First, we load the data.

In [1]:
import pandas as pd

whole_train_df = pd.read_csv('uji_wifi/UJIndoorLoc/trainingData.csv')
test_df = pd.read_csv('uji_wifi/UJIndoorLoc/ValidationData.csv')

We split the training data into training and validation sets using the USERID field.

In [51]:
train_mask = whole_train_df['USERID'] <= 13
train_df = whole_train_df[train_mask]
val_df = whole_train_df[~train_mask]
print(train_df.shape, val_df.shape)

(15647, 529) (4290, 529)


We put the data into NumPy arrays.
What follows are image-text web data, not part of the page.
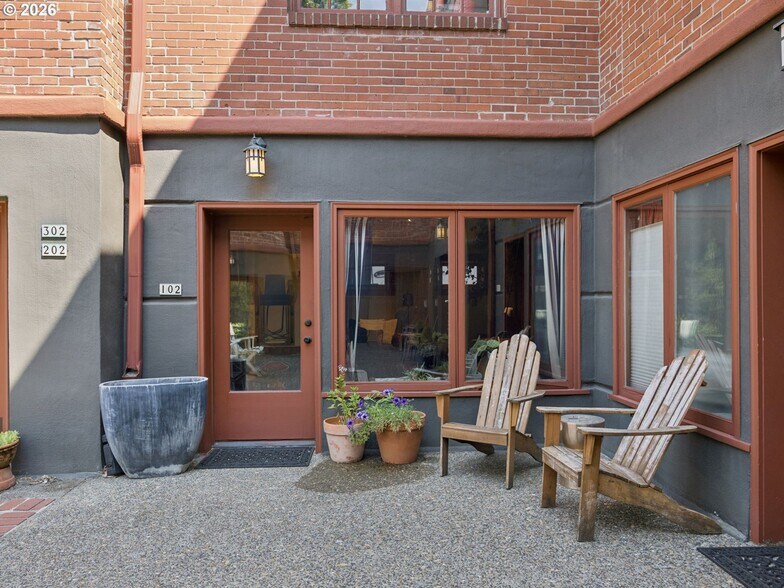 More Photos Of 5400 NE 30th Ave, Portland Office For Lease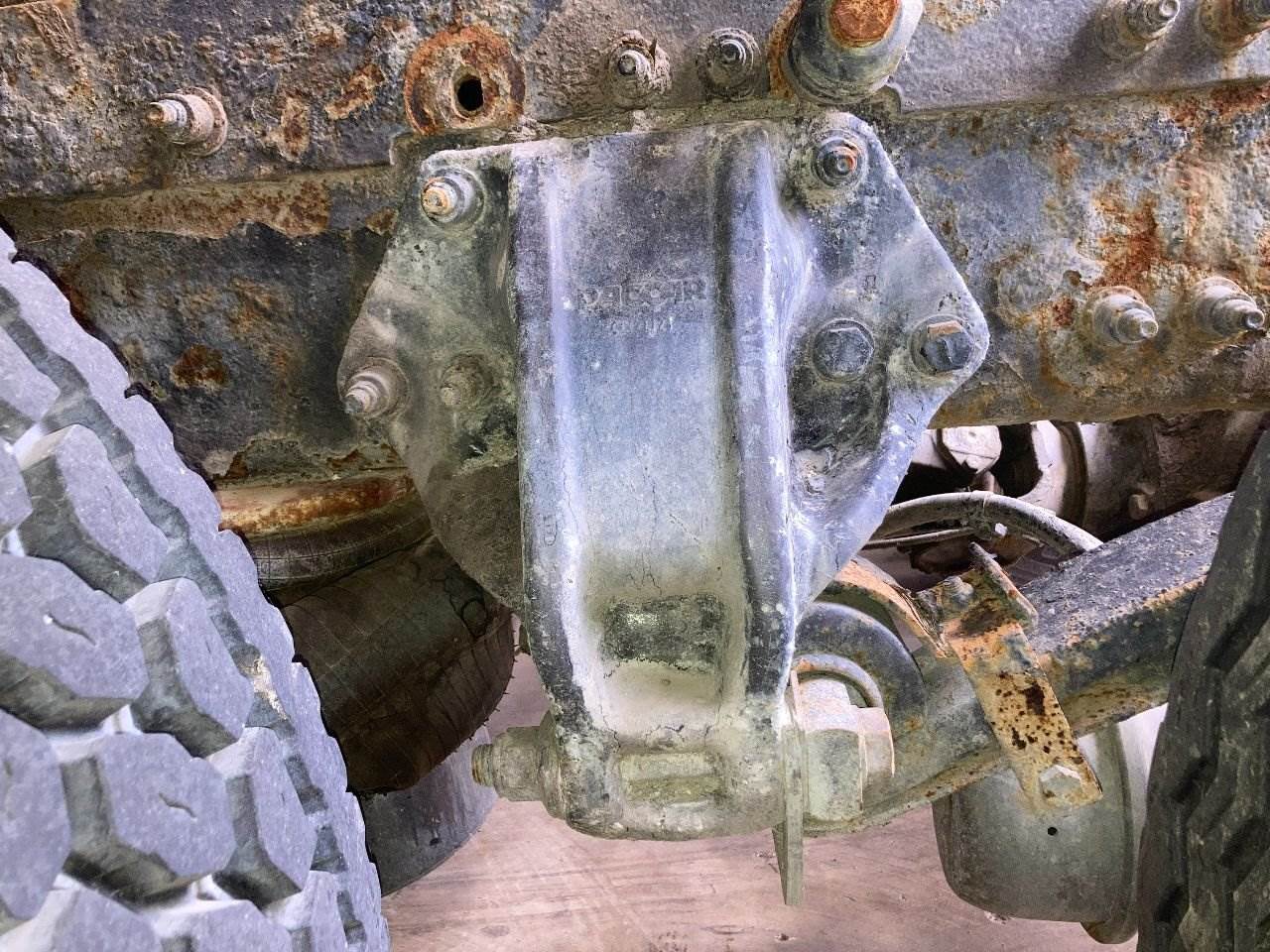 2015 Peterbilt LOW AIR LEAF Suspension for a Peterbilt 579 For Sale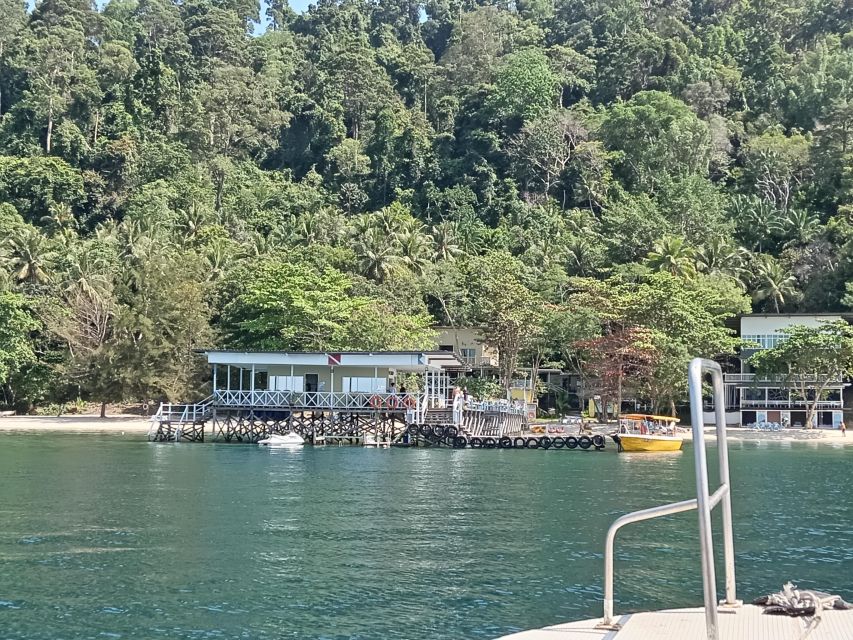 Kota Kinabalu: Rainbow Island Ferry Tickets With Lunch - Customer Reviews and Ratings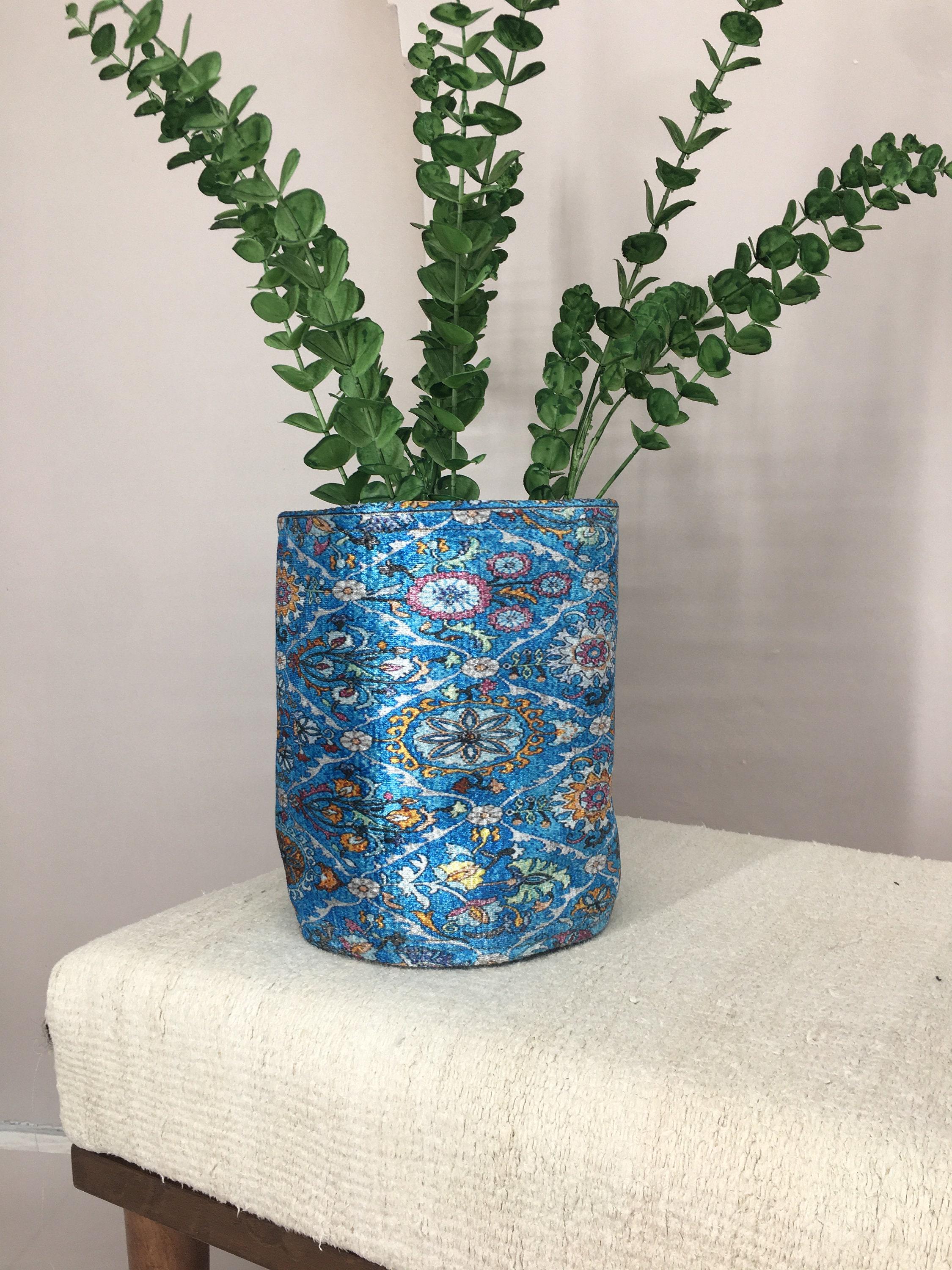 鮮やかなブルーの花柄ファブリックバスケット｜ボヘミアン風おもちゃ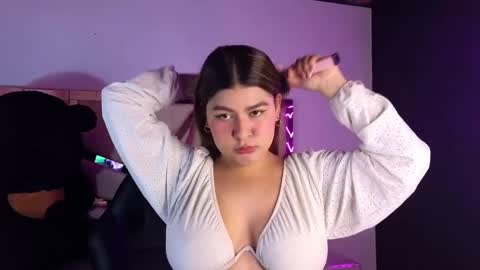 Snapshot of emmalee_a chatting on 02-26-25, 10:36 Emma online show from 02-26-25, 10:36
Lack of AP measurement is represented by RSSI value of -110dBm.

In [52]:
import numpy as np

train_X = train_df.iloc[:,0:520].to_numpy()
train_building = train_df["BUILDINGID"].to_numpy(dtype=np.int64)
train_floor = train_df["FLOOR"].to_numpy(dtype=np.int64)
train_long = train_df["LONGITUDE"].to_numpy()
train_lat = train_df["LATITUDE"].to_numpy()

val_X = val_df.iloc[:,0:520].to_numpy()
val_building = val_df["BUILDINGID"].to_numpy(dtype=np.int64)
val_floor = val_df["FLOOR"].to_numpy(dtype=np.int64)
val_long = val_df["LONGITUDE"].to_numpy()
val_lat = val_df["LATITUDE"].to_numpy()

test_X = test_df.iloc[:,0:520].to_numpy()
test_building = test_df["BUILDINGID"].to_numpy(dtype=np.int64)
test_floor = test_df["FLOOR"].to_numpy(dtype=np.int64)
test_long = test_df["LONGITUDE"].to_numpy()
test_lat = test_df["LATITUDE"].to_numpy()


train_X[train_X == 100] = -110
val_X[val_X == 100] = -110
test_X[test_X == 100] = -110

Some functions that we will use for to evaluate our model.

In [53]:
from sklearn.metrics import mean_squared_error


def accuracy(pred_Y, true_Y):
    return np.sum(pred_Y == true_Y)/len(true_Y)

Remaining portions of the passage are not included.